=== Problem description ===
Please transcribe only the lines between the one containing "キーホルダー ストラップ レット　ストラップ" and the end of the records, both ends included, exactly as written; skip every picture.

=== Dataset extract ===
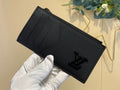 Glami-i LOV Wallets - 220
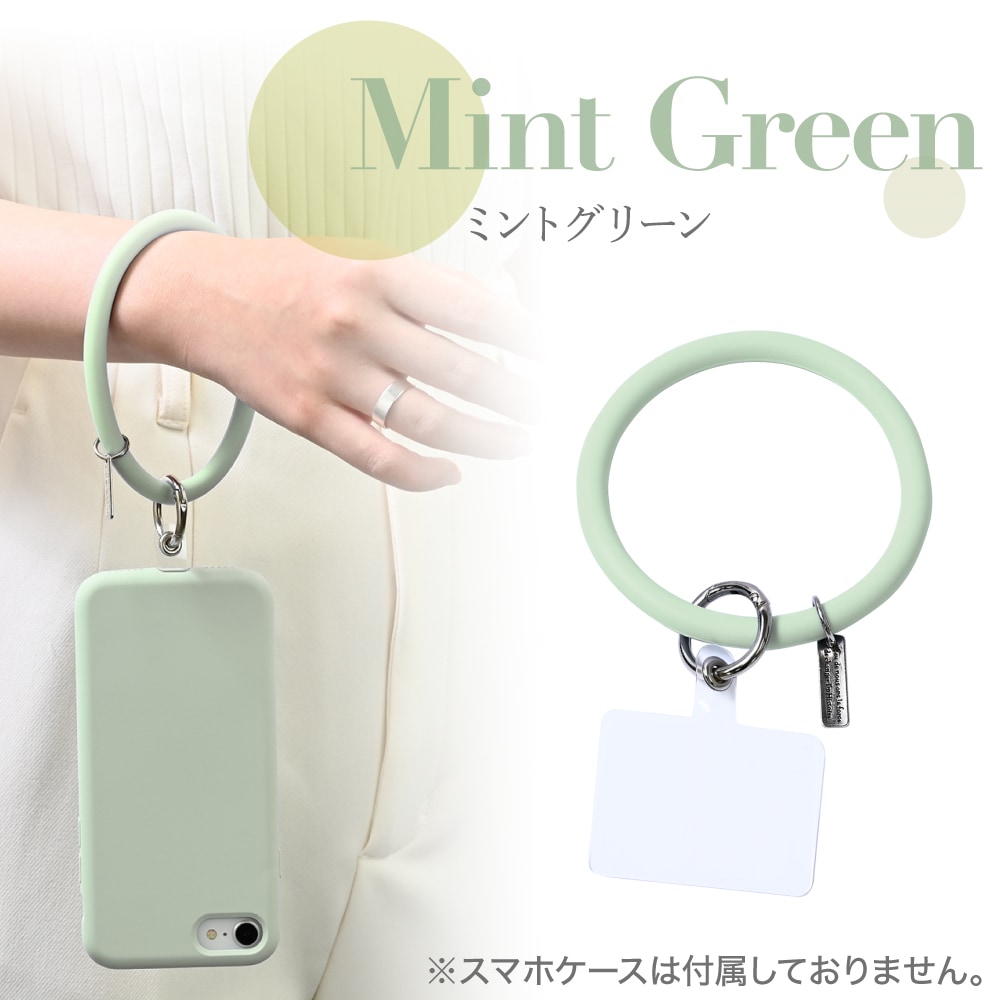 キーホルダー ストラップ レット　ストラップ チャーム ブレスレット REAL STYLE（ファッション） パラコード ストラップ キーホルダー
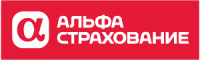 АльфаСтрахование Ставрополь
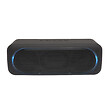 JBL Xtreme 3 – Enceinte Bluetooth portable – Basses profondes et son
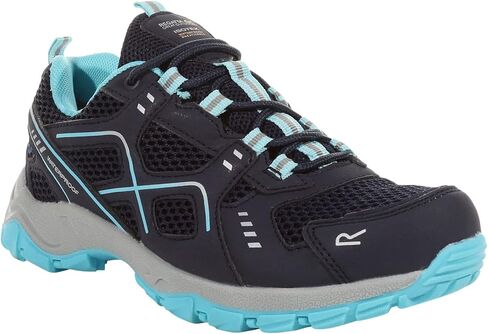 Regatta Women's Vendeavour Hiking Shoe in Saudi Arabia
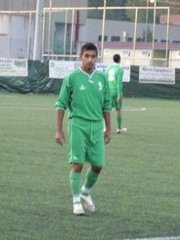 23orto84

=== Exercise output ===
 キーホルダー ストラップ レット　ストラップ チャーム ブレスレット REAL STYLE（ファッション） パラコード ストラップ キーホルダー
 АльфаСтрахование Ставрополь
 JBL Xtreme 3 – Enceinte Bluetooth portable – Basses profondes et son
 Regatta Women's Vendeavour Hiking Shoe in Saudi Arabia
 23orto84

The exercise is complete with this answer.